It was another bad day for Asian markets as bad data caused markets to sell off on Monday–some severe.

The China HSBC/Markit Purchasing Managers’ Index came in at 49.2 indicating that Chinese manufacturing demand is slowing. Any reading below is 50 is considered contraction.

The official Chinese May PMI number 50.8 but that includes large and state-owned company which some see as skewing the results.

According to CNBC, this reinforces the view that the Chinese economy is slowing. The IMF lowered its growth forecast to 7.75 percent while the Chinese government set a target of 7.5 percent.

This news was enough to drive Asian markets lower on Monday. The Nikkei lost another 3.7 percent after opening two percent lower. Chinese data weighed on the index but continued fears that the U.S. will scale back its bond buying program as well as technical selling continued to force the index lower.
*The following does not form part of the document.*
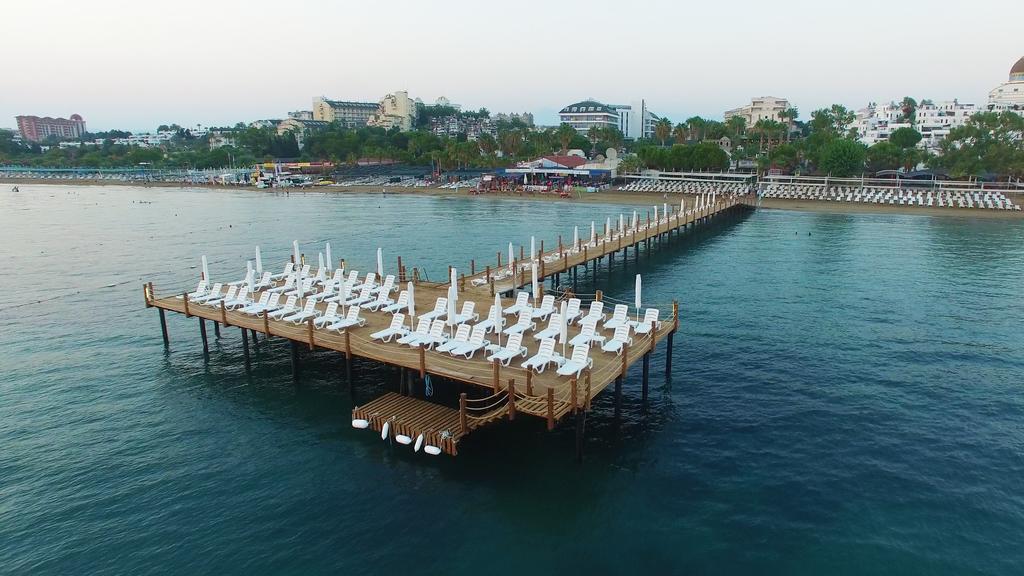 Thalia Beach Resort Hotel Ilica  Eksteriør billede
Other fears emerged. As the Japanese market continues on its downward trajectory, investors are beginning to worry that Japanese Prime Minister Shinzo Abe’s QE program may not be sustainable over the longer term.

QE isn’t new for Japan. The country tried it on a smaller scale in 2006 and although it was beneficial in the short-term, when the program ended, the economy, once again, fell into deflation.

U.S. markets look to start the day higher but after Friday’s slide, investors won’t look at U.S. futures data and make bullish bets. They will closely watch the decline in Asian markets on Friday.